Exercise goal:
Set down exactly the lines below between the line holding "B&M Original Plain" and the line holding "Success sign Thumb", inclusive; no other line belongs in the answer.

Source material:
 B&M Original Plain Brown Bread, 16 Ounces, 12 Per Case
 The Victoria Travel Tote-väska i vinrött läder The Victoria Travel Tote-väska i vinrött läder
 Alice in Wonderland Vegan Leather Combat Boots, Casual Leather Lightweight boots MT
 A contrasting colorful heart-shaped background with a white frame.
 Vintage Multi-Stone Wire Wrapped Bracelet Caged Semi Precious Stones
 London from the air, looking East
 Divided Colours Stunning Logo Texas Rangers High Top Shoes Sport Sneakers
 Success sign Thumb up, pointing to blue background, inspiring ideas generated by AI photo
* * *
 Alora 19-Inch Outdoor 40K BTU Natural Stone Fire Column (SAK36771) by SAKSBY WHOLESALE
==
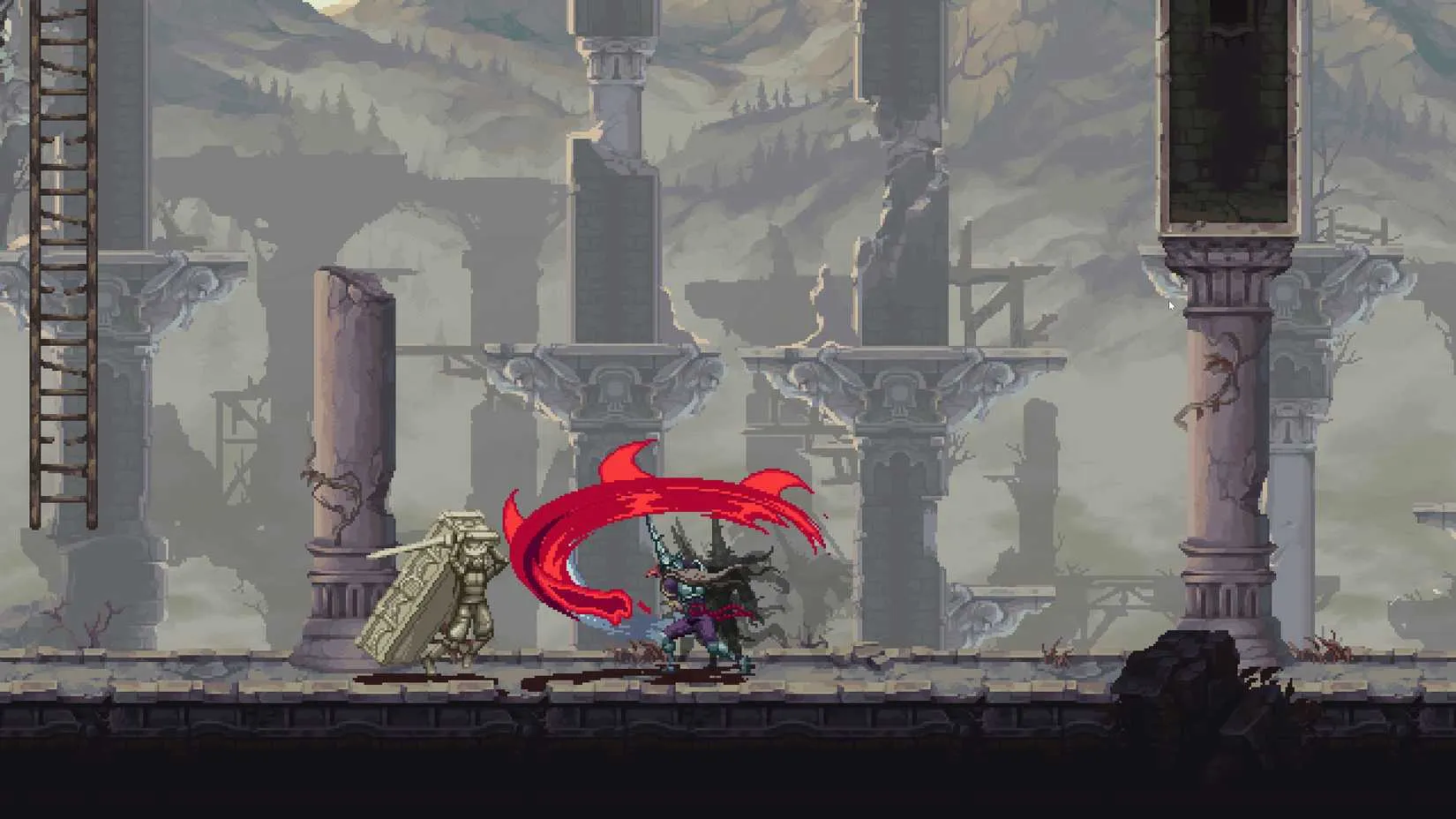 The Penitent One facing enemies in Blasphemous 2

Response box:
 B&M Original Plain Brown Bread, 16 Ounces, 12 Per Case
 The Victoria Travel Tote-väska i vinrött läder The Victoria Travel Tote-väska i vinrött läder
 Alice in Wonderland Vegan Leather Combat Boots, Casual Leather Lightweight boots MT
 A contrasting colorful heart-shaped background with a white frame.
 Vintage Multi-Stone Wire Wrapped Bracelet Caged Semi Precious Stones
 London from the air, looking East
 Divided Colours Stunning Logo Texas Rangers High Top Shoes Sport Sneakers
 Success sign Thumb up, pointing to blue background, inspiring ideas generated by AI photo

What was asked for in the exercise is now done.